_SOURCE RECORDS_
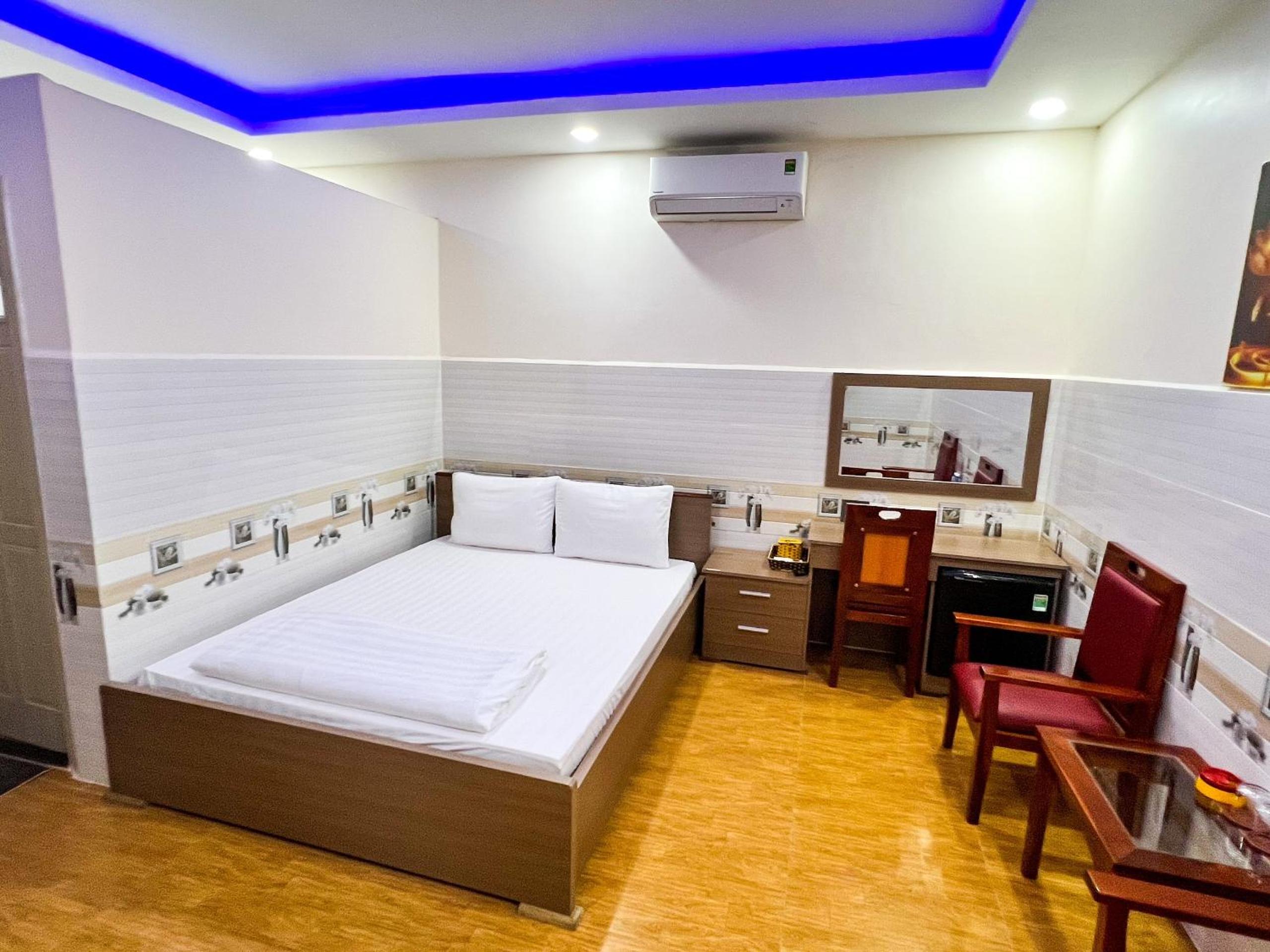 King Room - Photo 3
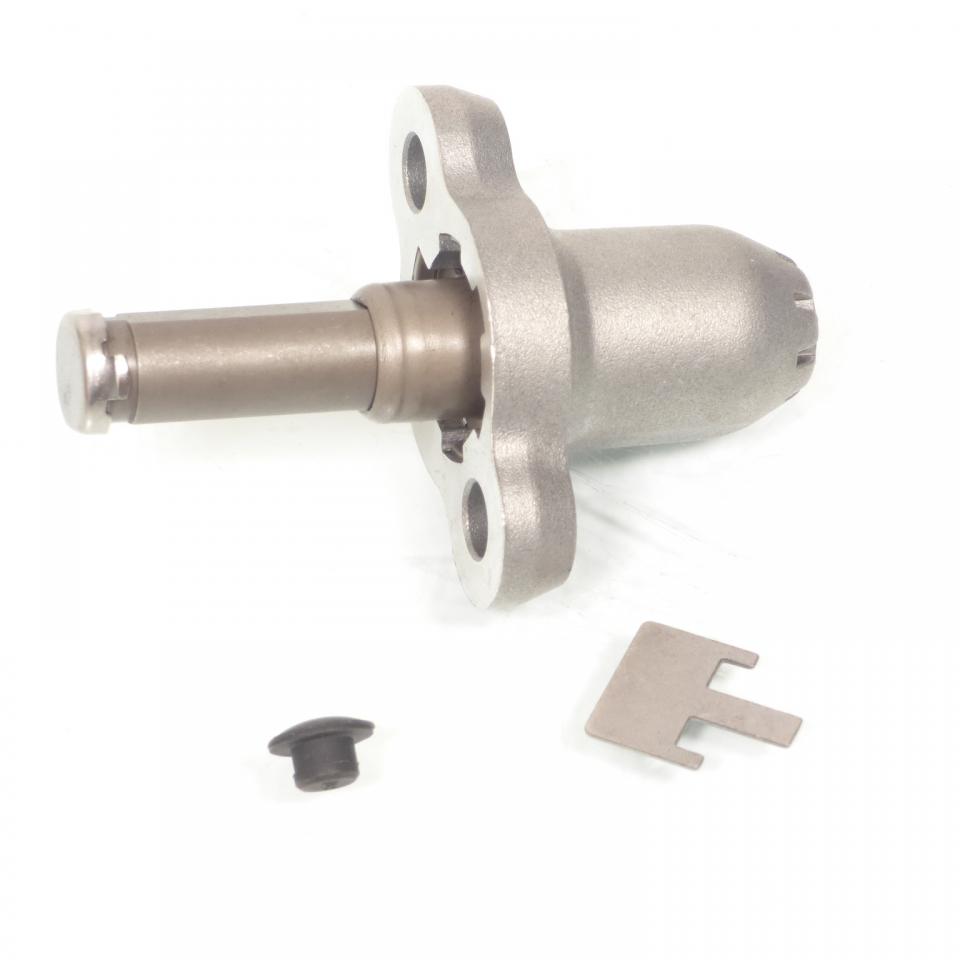 Tendeur chaîne de distribution RMS pour Suzuki 110 Address 12830-09J00-000 Neuf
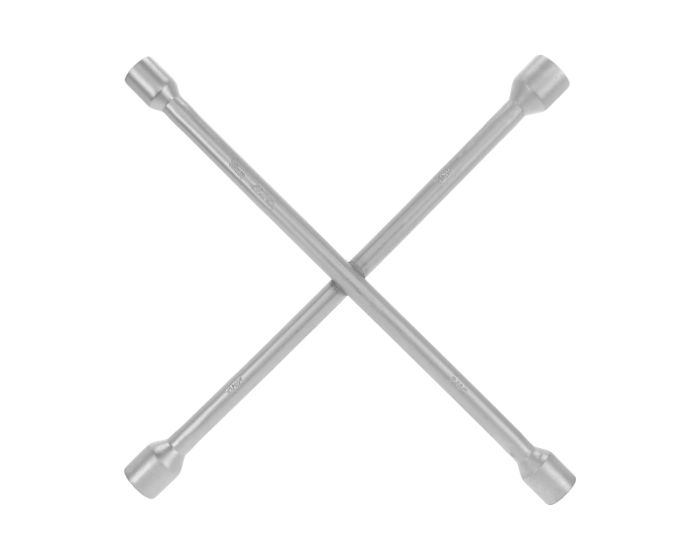Llave de cruz 16" 11897 Adir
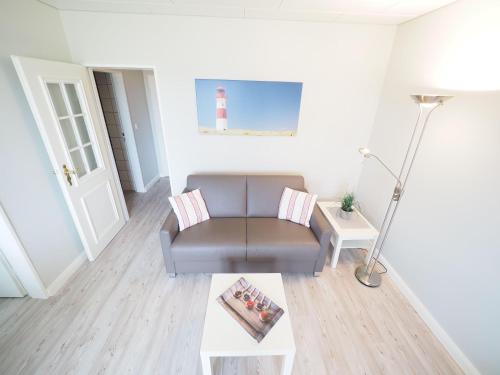 Фотография гостевого дома Appartement-67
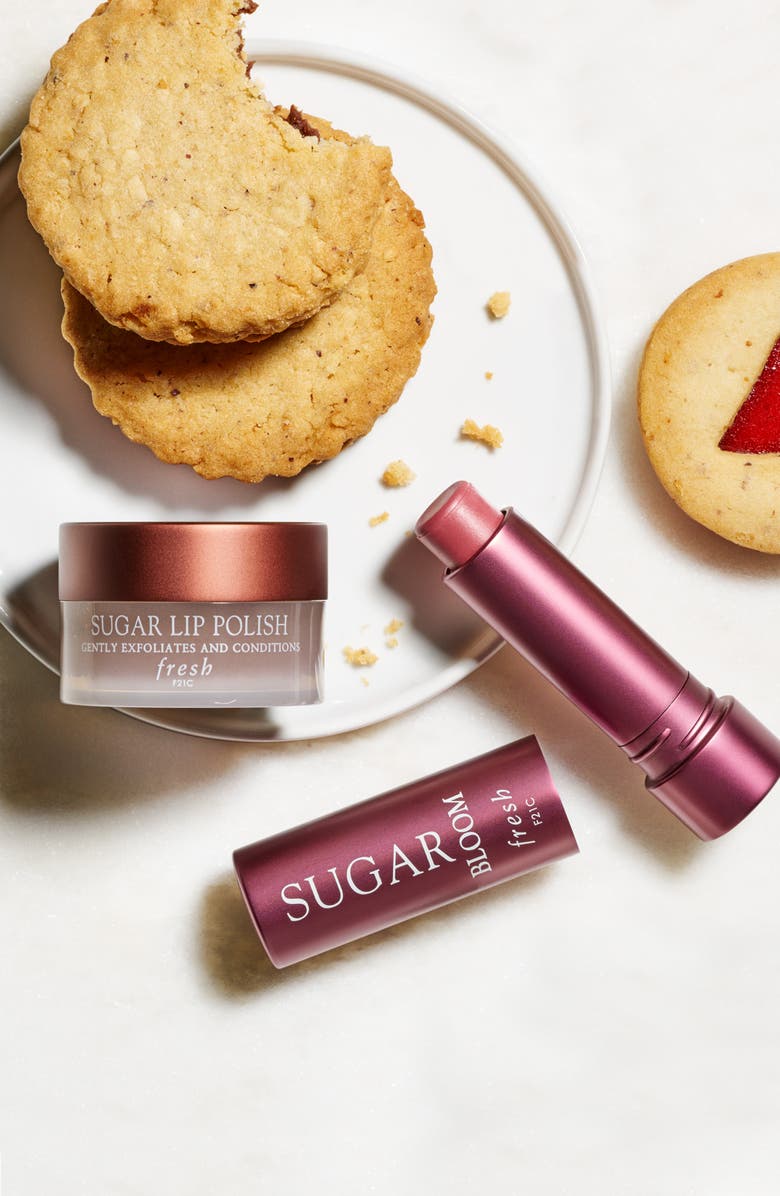 Fresh<sup>®</sup> Kissing Lip Kit, Alternate, color, 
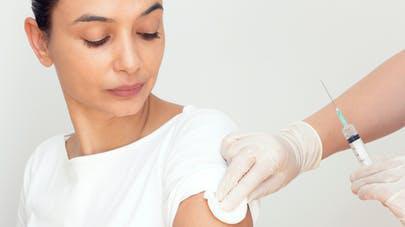 Vous souhaitez vous faire vacciner ? Modalités de vaccination pour les professionnels de PARIS SORBONNE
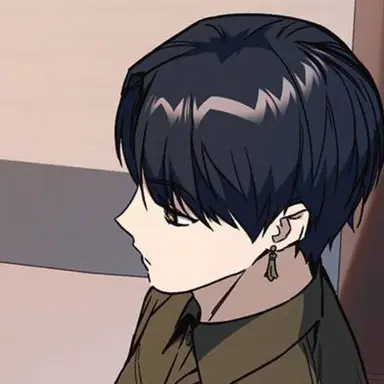 Profile image of 마민환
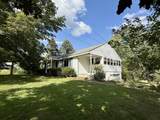 75 Dugan Rd - Photo 1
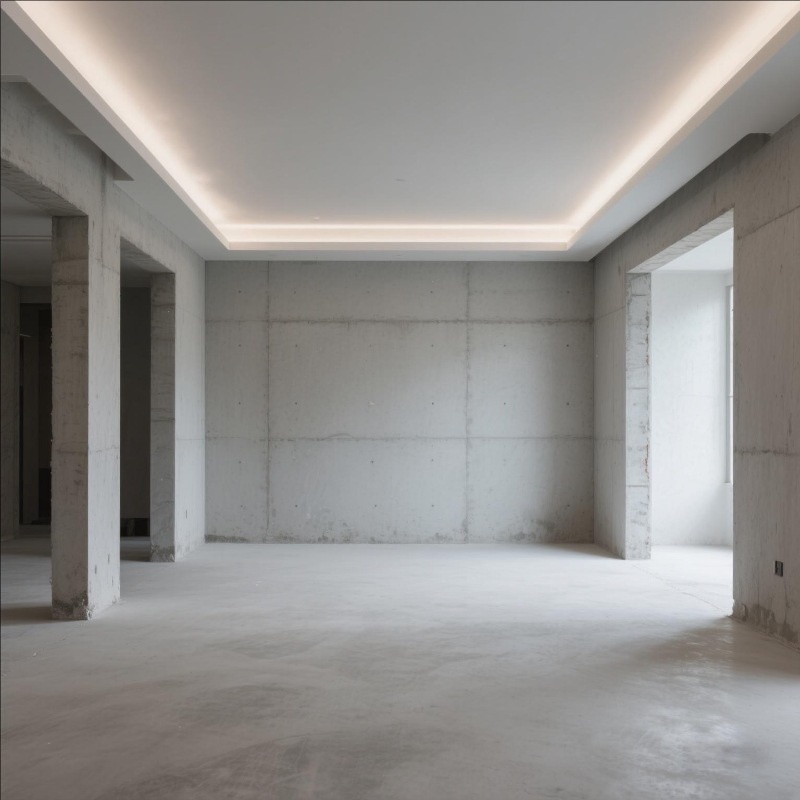 Extruded Polystyrene Foam Sheets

_WHAT THE TASK ASKS_
What you produce must match the listing word for word, with no images in it.

_WRITTEN RESPONSE_
 King Room - Photo 3
 Tendeur chaîne de distribution RMS pour Suzuki 110 Address 12830-09J00-000 Neuf
Llave de cruz 16" 11897 Adir
 Фотография гостевого дома Appartement-67
 Fresh<sup>®</sup> Kissing Lip Kit, Alternate, color, 
 Vous souhaitez vous faire vacciner ? Modalités de vaccination pour les professionnels de PARIS SORBONNE
 Profile image of 마민환
 75 Dugan Rd - Photo 1
 Extruded Polystyrene Foam Sheets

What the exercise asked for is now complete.